Going Once, Going Twice: The High Worth of a Medical Record
In 2015, several high-profile cyberattacks compromised millions of patient records from UCLA Health System and, earlier in the year, health insurance company Anthem. Patient health records, it turns out, are valuable commodities on the black market. “We know from various data sources that the value of healthcare data—which can include names, addresses, physical descriptions and next of kin—is multiple times higher in the underground economy as compared to credit card info because it’s more complete,” says Wirth. “You can cancel a credit card if it’s stolen but you can’t cancel your medical record.”
And it’s not just large hospitals that are at risk. Data can be stolen from smaller practitioners and even people’s homes. David Kotz, Champion International Professor in the department of computer science at Dartmouth College, is working on a device to help smaller medical practices and patients protect their networks.
“My focus is on making wearable devices more secure and helping people understand how their data is collected, stored and accessed,” says Kotz. “There’s a lot of work to be done to make vendors of devices think about cybersecurity and ensure their devices are safe. We also need to make it easier for people to manage devices and do it correctly.”
Kotz developed a wand-shaped security device called Wanda to help with easily improving security. Funded by the National Science Foundation and part of the Trustworthy Health and Wellness (ThaW) consortium, Wanda securely connects nearby devices to a Wi-Fi network.

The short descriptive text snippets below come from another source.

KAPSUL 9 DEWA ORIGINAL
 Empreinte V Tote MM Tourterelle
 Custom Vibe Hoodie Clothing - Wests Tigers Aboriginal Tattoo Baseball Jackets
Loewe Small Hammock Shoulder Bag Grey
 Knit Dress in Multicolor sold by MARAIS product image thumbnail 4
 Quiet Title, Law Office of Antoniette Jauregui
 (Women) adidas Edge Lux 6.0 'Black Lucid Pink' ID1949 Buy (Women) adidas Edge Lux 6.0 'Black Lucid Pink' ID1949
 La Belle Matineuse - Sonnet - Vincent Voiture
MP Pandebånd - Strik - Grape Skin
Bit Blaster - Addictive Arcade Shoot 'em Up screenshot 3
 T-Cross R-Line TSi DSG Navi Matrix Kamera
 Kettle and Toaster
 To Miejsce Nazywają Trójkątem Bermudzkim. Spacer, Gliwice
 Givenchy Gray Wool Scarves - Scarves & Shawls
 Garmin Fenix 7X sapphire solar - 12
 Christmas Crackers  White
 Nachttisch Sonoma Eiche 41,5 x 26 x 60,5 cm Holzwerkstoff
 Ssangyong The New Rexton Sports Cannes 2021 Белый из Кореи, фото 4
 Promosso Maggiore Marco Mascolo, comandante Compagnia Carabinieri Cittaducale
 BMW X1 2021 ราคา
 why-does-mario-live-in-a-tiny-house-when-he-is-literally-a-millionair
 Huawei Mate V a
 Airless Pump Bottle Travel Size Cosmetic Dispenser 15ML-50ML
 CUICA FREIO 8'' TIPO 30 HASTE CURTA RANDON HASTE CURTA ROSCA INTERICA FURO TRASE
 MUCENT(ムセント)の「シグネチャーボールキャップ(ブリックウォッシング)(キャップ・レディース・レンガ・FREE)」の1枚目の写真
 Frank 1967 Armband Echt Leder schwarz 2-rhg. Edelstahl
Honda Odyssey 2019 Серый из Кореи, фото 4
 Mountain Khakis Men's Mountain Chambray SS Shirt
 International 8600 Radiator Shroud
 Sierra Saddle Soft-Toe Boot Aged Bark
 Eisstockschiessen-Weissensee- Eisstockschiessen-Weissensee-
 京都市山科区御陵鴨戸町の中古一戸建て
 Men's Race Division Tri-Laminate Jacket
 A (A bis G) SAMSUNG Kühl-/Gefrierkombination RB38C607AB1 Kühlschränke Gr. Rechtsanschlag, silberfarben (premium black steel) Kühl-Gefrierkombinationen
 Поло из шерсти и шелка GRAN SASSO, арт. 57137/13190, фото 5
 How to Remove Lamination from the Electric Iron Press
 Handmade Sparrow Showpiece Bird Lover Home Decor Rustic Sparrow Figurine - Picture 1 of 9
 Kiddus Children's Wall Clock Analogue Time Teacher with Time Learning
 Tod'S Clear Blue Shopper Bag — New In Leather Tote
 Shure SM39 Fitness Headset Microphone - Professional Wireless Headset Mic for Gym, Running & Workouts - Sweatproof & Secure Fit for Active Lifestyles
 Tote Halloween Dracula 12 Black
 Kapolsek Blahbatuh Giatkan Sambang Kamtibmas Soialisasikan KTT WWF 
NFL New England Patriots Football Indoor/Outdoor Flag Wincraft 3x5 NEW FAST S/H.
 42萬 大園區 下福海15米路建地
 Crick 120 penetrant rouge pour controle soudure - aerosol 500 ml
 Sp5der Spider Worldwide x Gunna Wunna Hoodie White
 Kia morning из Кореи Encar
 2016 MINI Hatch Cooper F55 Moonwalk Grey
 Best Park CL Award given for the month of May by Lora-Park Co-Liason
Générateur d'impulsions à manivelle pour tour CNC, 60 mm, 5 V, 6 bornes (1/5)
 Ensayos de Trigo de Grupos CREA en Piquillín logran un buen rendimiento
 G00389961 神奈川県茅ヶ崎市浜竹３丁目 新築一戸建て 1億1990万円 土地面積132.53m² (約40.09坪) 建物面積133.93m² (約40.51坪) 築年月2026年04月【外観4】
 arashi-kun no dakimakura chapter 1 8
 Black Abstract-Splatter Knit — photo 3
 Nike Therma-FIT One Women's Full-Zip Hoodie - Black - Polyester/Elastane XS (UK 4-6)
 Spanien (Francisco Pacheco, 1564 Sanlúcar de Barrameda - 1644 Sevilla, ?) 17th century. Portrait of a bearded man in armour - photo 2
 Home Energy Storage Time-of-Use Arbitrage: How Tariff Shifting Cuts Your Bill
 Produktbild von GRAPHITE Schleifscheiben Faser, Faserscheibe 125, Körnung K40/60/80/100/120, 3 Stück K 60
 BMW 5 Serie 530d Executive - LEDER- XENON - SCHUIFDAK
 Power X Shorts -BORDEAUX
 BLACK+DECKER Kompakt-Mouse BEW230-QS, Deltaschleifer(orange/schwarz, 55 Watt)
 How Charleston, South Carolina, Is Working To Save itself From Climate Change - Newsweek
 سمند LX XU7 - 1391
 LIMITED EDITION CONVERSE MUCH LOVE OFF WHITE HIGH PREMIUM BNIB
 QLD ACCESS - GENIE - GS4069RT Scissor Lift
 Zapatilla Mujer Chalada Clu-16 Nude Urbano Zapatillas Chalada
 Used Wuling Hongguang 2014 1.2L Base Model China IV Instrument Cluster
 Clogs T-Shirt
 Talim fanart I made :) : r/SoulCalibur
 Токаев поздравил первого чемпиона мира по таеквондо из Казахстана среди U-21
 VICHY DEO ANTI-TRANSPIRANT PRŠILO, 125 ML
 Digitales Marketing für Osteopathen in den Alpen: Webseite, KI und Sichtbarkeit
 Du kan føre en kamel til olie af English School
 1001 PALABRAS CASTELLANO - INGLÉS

Users can point the wand within 6-8 inches of a device that’s Wi-Fienabled and the wand transfers network settings—including complex passwords that will hinder cyber-attacks—to a new device. It can also connect two devices, such as a smart treadmill to a Bluetooth television. “The problem today is that people choose guessable or no passwords or leave their networks wide open,” says Kotz. Part of the lack of security is that many users don’t want to take the time and effort to properly configure new devices or—particularly in the cases of limited interfaces—simply don’t know how. “With Wanda, we can let users express intentionality by pointing, which is something everyone understands intuitively.”
Kotz says devices like Wanda can help smaller organizations that need to manage increasing numbers of networked devices, as small clinics with a doctor or a few nurses typically don’t have full-time tech support to configure and manage the many devices. His team is improving the device and has a patent pending.
Other future problems with cyberattacks include the increased use of telemedicine and even telesurgery, both of which have the potential to transform healthcare in remote or underserved areas. However, with the advent of more network-based medical solutions, there are likely to be hackers ready to exploit such systems if they are not properly protected. As devices and healthcare technologies continue to advance and become more common, hospitals, medical practitioners, patients and device manufacturers must together prioritize cyber-safety to protect data, resources and lives.